Other industrialized nations have lower poverty rates because they seek to prevent hardship by providing assistance to all families. These supports include “child allowances” (typically cash supplements), child care assistance, health coverage, paid family leave, and other supports that help offset the cost of raising children.
But the U.S. takes a different policy approach. Our nation does little to assist low-income working families unless they hit rock bottom. And then, such families are eligible only for means-tested benefits that tend to be highly stigmatized; most families who need help receive little or none. (One notable exception is the federal Earned Income Tax Credit.)

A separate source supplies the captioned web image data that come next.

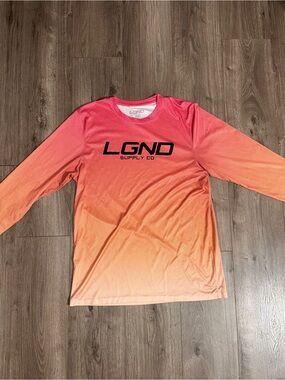 Ombre Long Sleeve Tee UPF 50 in Pink-Orange Large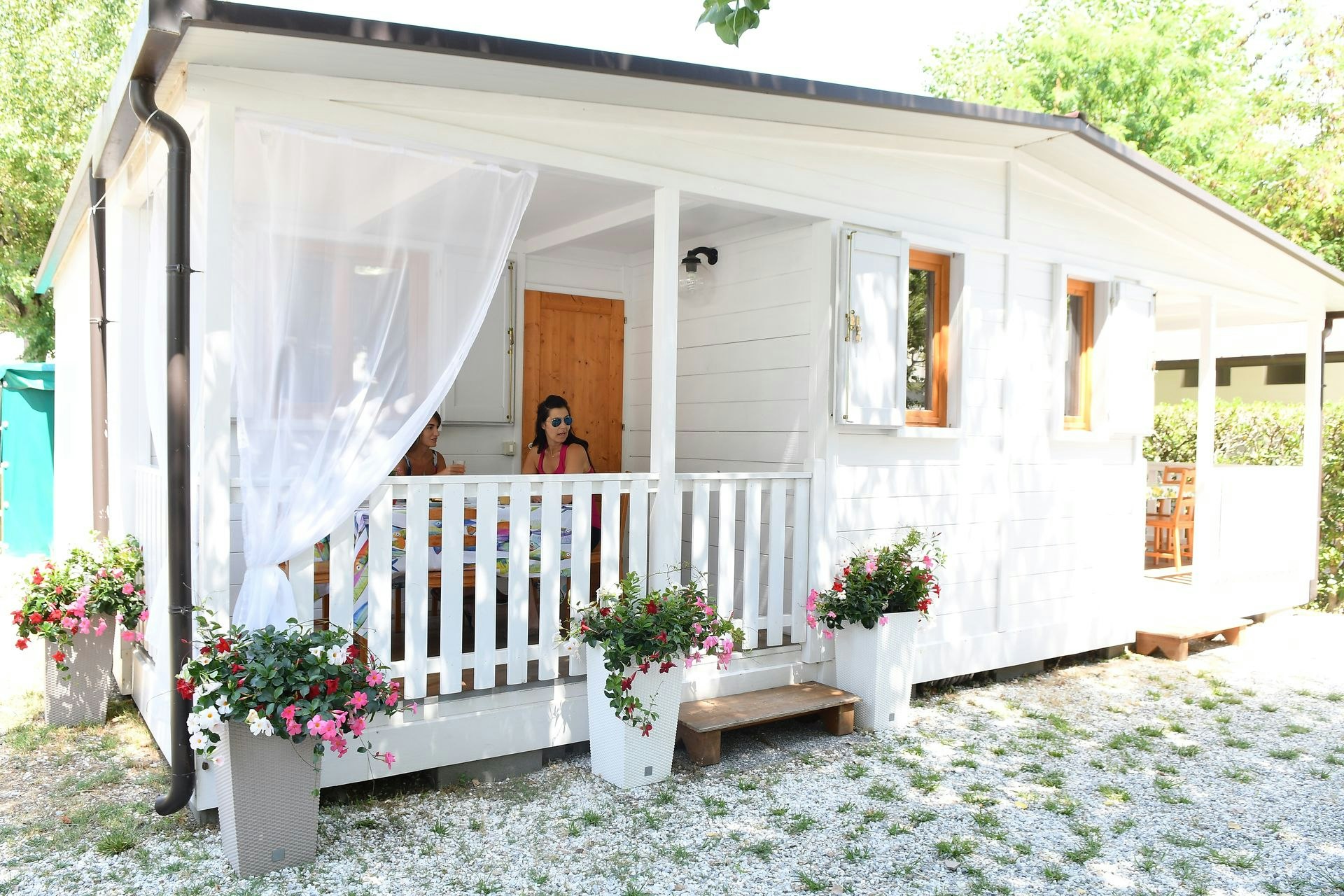 Camping Calatella Parco Di Vacanza  - Mobilheim mit Terrasse auf dem Campingplatz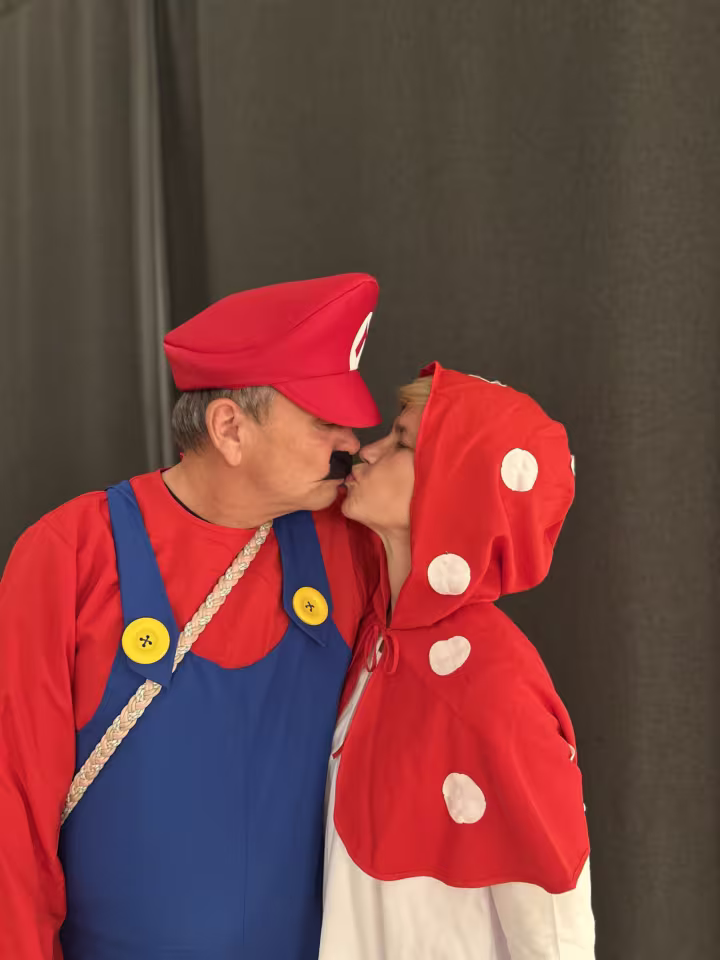 Bild 3: Faschings-Disco: Super-Mario und ein Pilz :-)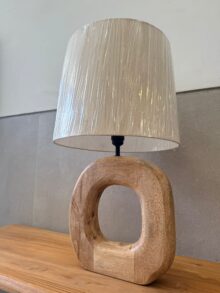 מנורת שולחן עץ חישוק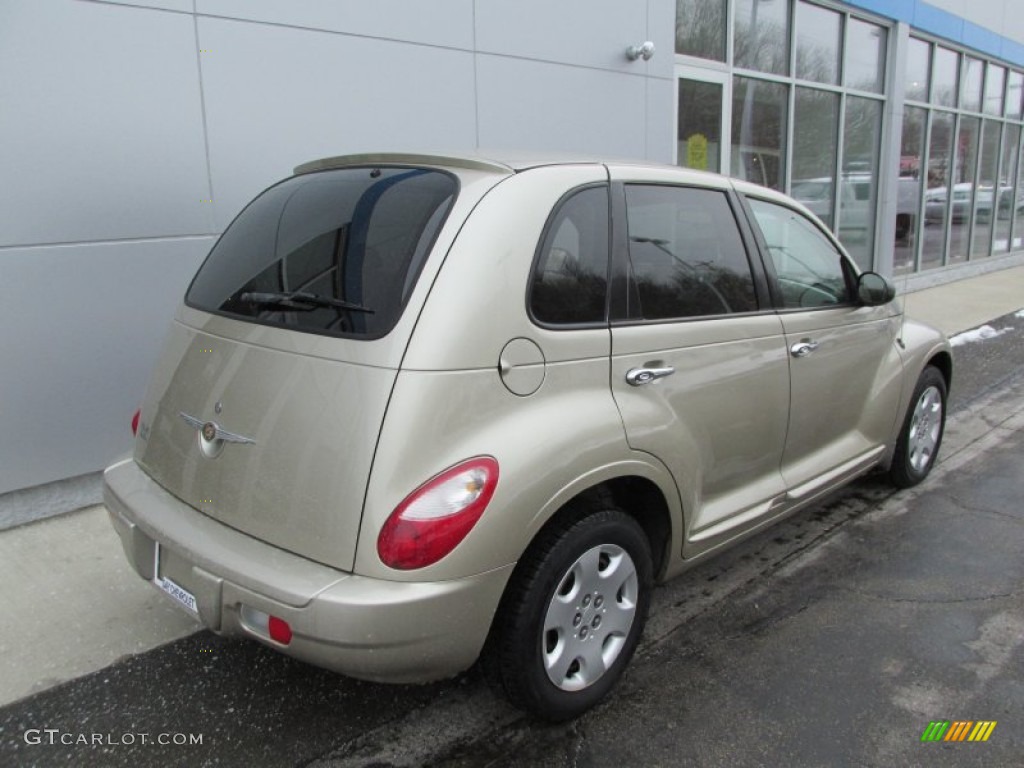 2006 PT Cruiser Touring - Linen Gold Metallic Pearl / Pastel Pebble Beige photo #4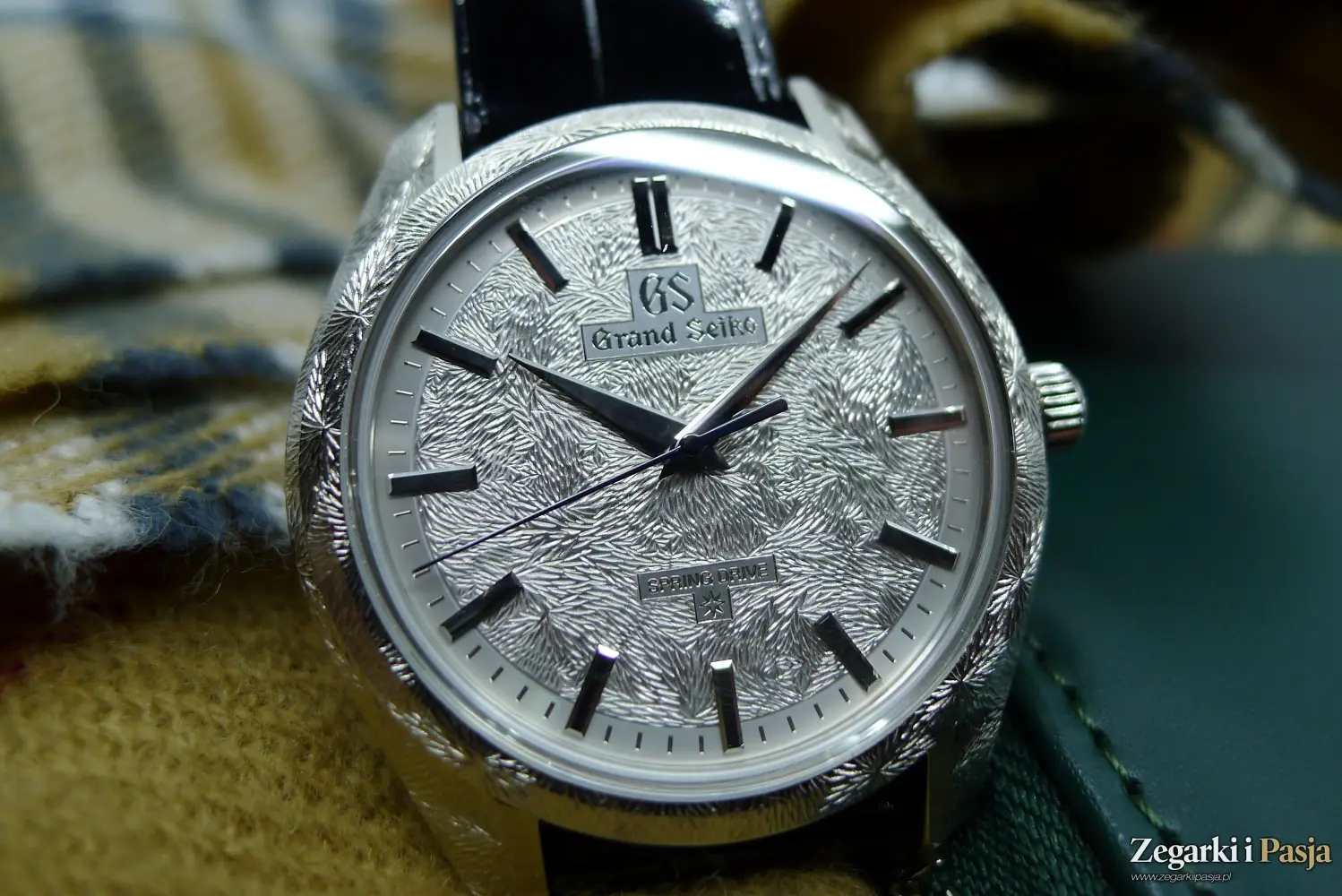 Grand Seiko „Mystic Waterfall" SBGZ01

At the same time, middle- and especially upper-income families receive numerous government benefits that help them maintain and improve their standard of living — benefits that are largely unavailable to lower-income families. These include tax-subsidized benefits provided by employers (such as health insurance and retirement accounts), tax breaks for home owners (such as deductions for mortgage interest and tax exclusions for profits from home sales), and other tax preferences that privilege assets over income. Although most people don’t think of these tax breaks as government “benefits,” they cost the federal treasury nearly three times as much as benefits that go to low- to moderate-income families. In addition, middle- and upper-income families reap the majority of benefits from the child tax credit and the child care and dependent tax credit because neither is fully refundable.
In short, high rates of child poverty and income inequality in the U.S. can be reduced, but effective, widespread, and long-lasting change will require shifts in both national policy and the economy.